C’est moi où l’horloge dans la cuisine trotte plus bruyamment qu’à l’habitude?
(Je peux maintenant compter ton retour en heures exclusivement…)
C’est moi où l’horloge dans la cuisine trotte plus bruyamment qu’à l’habitude?
(Je peux maintenant compter ton retour en heures exclusivement…)
Ça fait trois mois que t’as quitté le Québec et t’étais même pas parti que déjà, les scénarios se bousculaient dans mon coco.
J’ai répété la même histoire, toujours avec quelques différences, mais qui résultaient inévitablement par ton arrivée.
À quelques heures de te retrouver, mon cerveau l’a mis en veilleuse. Incapacité totale de nouvelles façons d’appréhender ce moment ou simplement une lassitude? Difficile à dire. Je suis prise entre cet état d’énervement et un calme de couloir d’hôpital (un calme résigné disons).
Alors j’attends. Pour faire changement. Pour résumé mon été. Pour faire un bilan de ce trimestre, pour me préparer à vivre l’aprèssanstoi.
Décidément, je serais une historienne redoutable. Je ne suis qu’une amoureuse qui s’impatiente.
Reviens vite.
1. Je cours vers toi, avec ma robe et mes cheveux au vent, et je te saute au cou. Une scène à rendre jaloux tous les acteurs d’hollywood.
2. Je t’osculte un peu. regarde si t’as maigri, si tes fesses sont aussi rebondies. Me plains de ton bronzage. Te prends par la main, te tire vers moi. Te fais patienter avant de t’embrasser. Saute dans un taxi.
3. Je demande au chauffeur de nous laisser en paix, de nous déposer lorsque le compteur déraille.
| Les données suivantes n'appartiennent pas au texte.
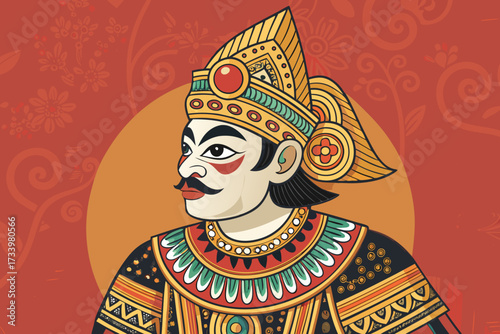 Showcasing Wayang Golek Wooden Puppet With Ornate Costume Elegant Professional Photo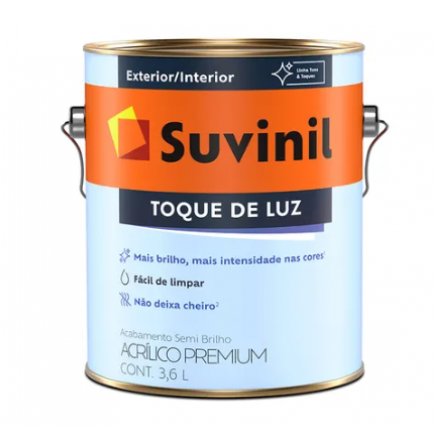 Tinta Acrílica Toque de Luz Semibrilho Branca 3,6L - Suvinil.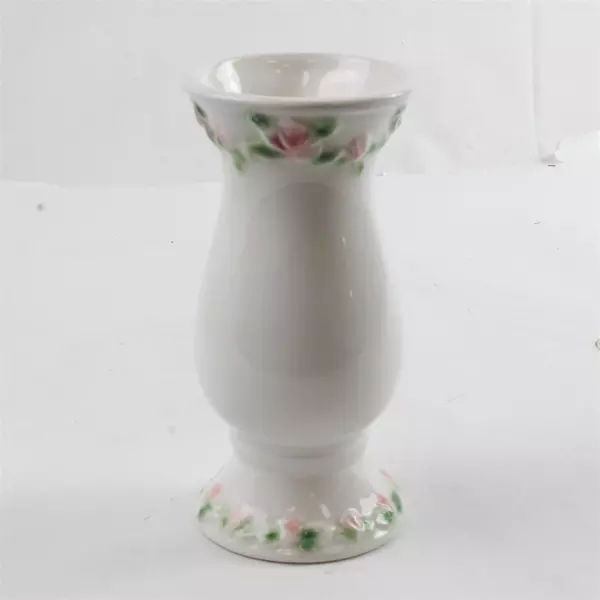 Vintage Porcelain Bud Vase 3D Raised Roses Floral 6.25"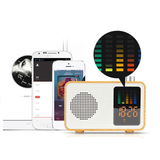 TD® Retro bois couleur sans fil Haut-parleur Bluetooth Radio avec affichage de l'heure ，Haut-parleur de style rétro-jaune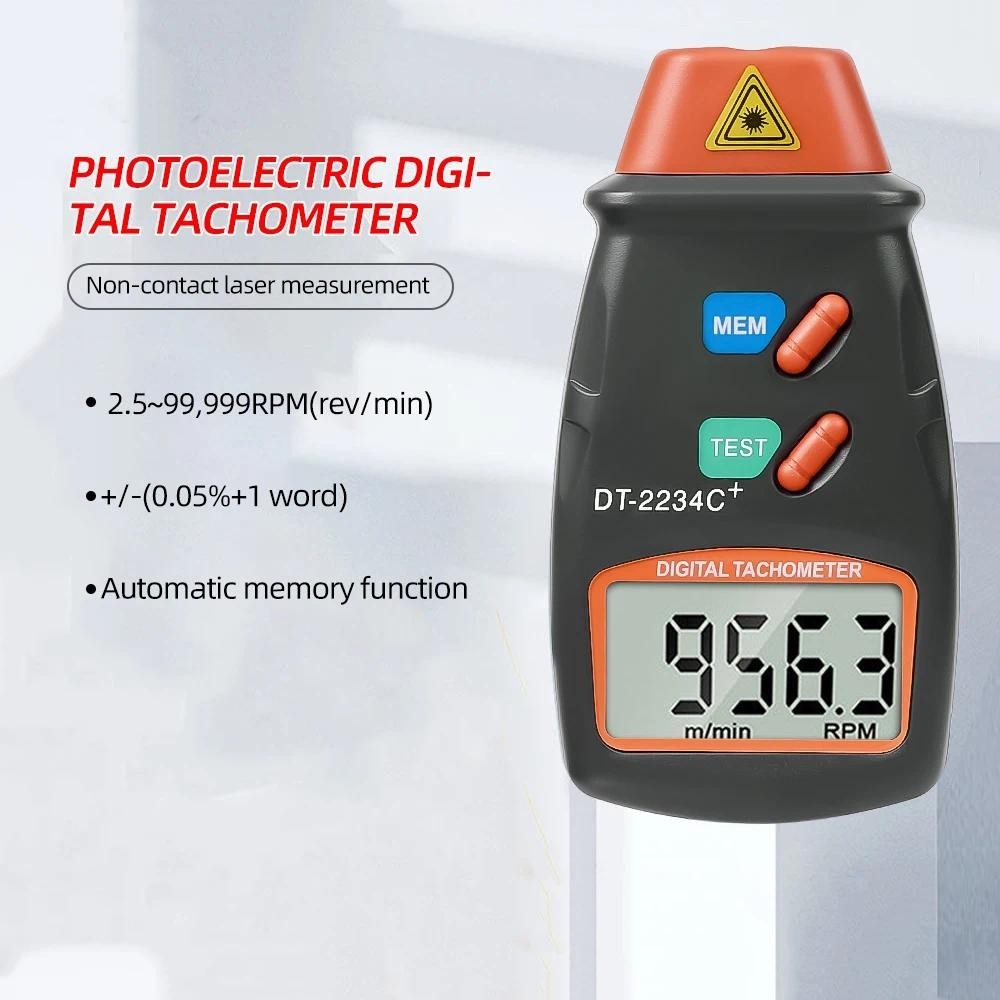 Dt2234c + Digital Laser Tachometer เครื่องวัดวามเร็วแบบไม่สัมผัส 2.5Rpm-99999Rpm จอแสดงผล Lcd Tachometer Dt2234C ความเร็วเครื่องทดสอบ ​​เครื่องมือเครื่องมือ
On se balade, le temps s’étire et se contracte au gré de nos pas.
4. Je pousse la porte d’un petit resto. Tranquille, mais juste assez bruyant pour que les gens n’entendent pas mes ” je t’aime, là, maintenant” et tes ” t’es belle”.
5. Je regarde le serveur et lui annonce que finalement, on va seulement prendre le dessert. En take-out.
6. Je t’attire vers moi, me penche à ton cou. Emplis mes poumons de toi.
7. Je monte l’escalier de notre nouvelle demeure, je te fais faire le tour en silence, pour ne pas réveiller les autres.
8. J’entre dans notre chambre. Je verrouille la porte.
9. Je te laisse me faire des câlins. À ta façon, à ton rythme. Je t’embrasse partout. Comme si on était qu’un. Ou plutôt, comme si j’étais toi.
10. Je te pousse jusque dans la douche. Je laisse couler l’eau pour prendre un bain. Je te savonne le dos. Longtemps. Tu me racontes anecdotes de France, je te cite des moments Châteaubriandesques.
11. Je fais commander une pizza en spécifiant qu’il faut qu’elle soit en forme de coeur. On grignote en riant.
12. Je finis par m’endormir, ma tête contre ton épaule, les cheveux barbouillés, mais heureuse.
13. Je me réveille à cause du bruit de la pluie. Décide de t’embrasser partout, encore.
14. Je t’entends me dire que tu as envie d’une balade du quartier. Je décide d’obéir. Je m’habille, tout comme toi.
15. Je referme la porte, doucement, sur cette nuit que j’avais imaginée tellement différemment, mais qui après coup, me plaît d’autant plus ainsi.
16. Je pars me promener en ville, ta main scotchée à la mienne.
17. Je m’arrête, en plein milieu d’une foule. Je t’entends me dire que tu m’aimes.
18. Je ris. D’un rire incontrôlablement joyeux. Me fous des gens qui nous observent.
18. Je tente de retenir ce que tu me dis. De graver ça dans ma petite tête. Je n’ai que des images. Tes yeux, ton sourire, ta main.
20. Je démêle tes paroles et comprends.
21. Je me dis être la plus chanceuse du monde.
22. Je te dis que je t’aime. Je t’entends dire idem.
23. Je suis tellement heureuse… je n’espère pas me marier, mais tout comme.
24. Je m’avoues (bis) la plus chanceuse d’entre toutes.
25. Je me dis, qu’après tout, j’aime notre histoire. N’envie absolument personne d’autre. Je remercie mentalement cette faculté que j’ai de faire confiance à mon instinct. Je me dis que tu n’es pas dans ma vie pour rien. Juste vivre le moment. Et profiter.
(…)
Aujourd’hui…
… j’ai coupé le bout d’une courgette et j’y ai vu un signe de mon amoureux.
Paf! Comme ça, sans avertissement.
(ça surprend)

Kitsh, direz-vous… Tut tut tut.
On appelle ça l’amour outre-mer. Constitué de petits clins d’oeil insignifiants, mais existant tout de même.
ok. je m’ennuie de lui. Un peu, beaucoup, à la folie.